[Data excerpt]
###

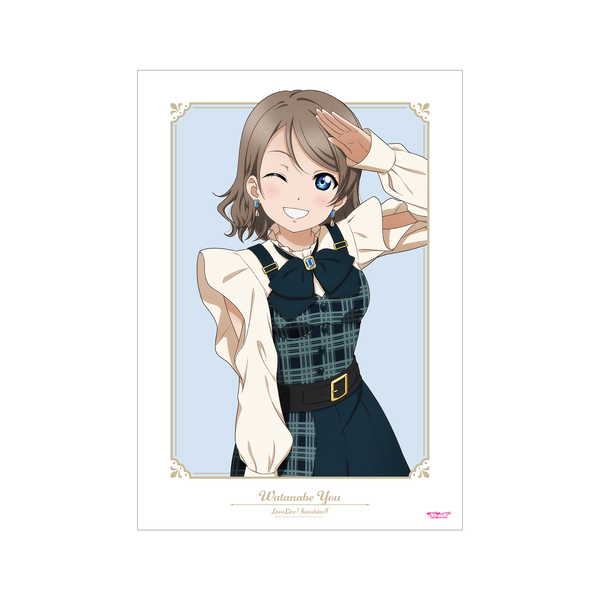 ラブライブ！サンシャイン!! 描き下ろし A3マット加工ポスター 渡辺曜 チェックワンピース衣装ver.【予約 再販 9月中旬 発売予定】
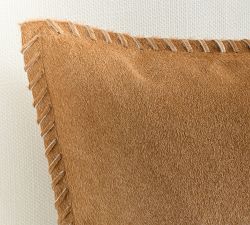 Pieced Hide Whipstitch Lumbar Pillow Cover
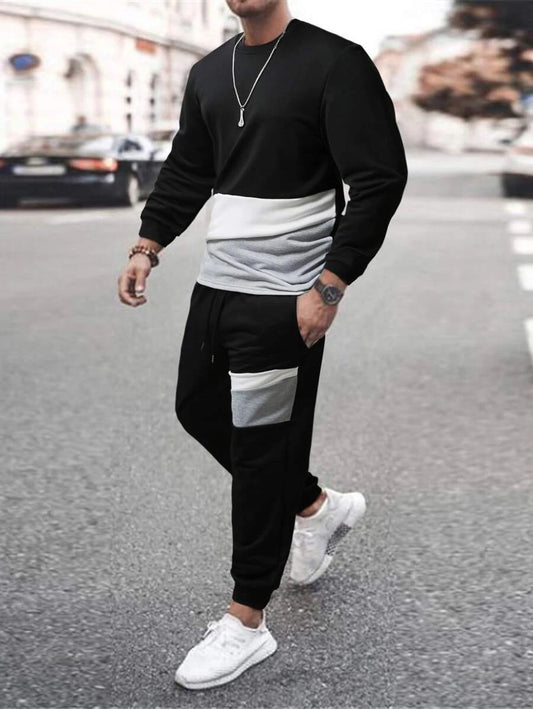 Men Colorblock Sweatshirt & Drawstring Waist Sweatpants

###

[What is being asked] Your reply should consist solely of the lines from the line containing "Pieced Hide Whipstitch Lumbar Pillow Cover" through the last line of the listing, unchanged and free of pictures.

[Solution]
 Pieced Hide Whipstitch Lumbar Pillow Cover
 Men Colorblock Sweatshirt & Drawstring Waist Sweatpants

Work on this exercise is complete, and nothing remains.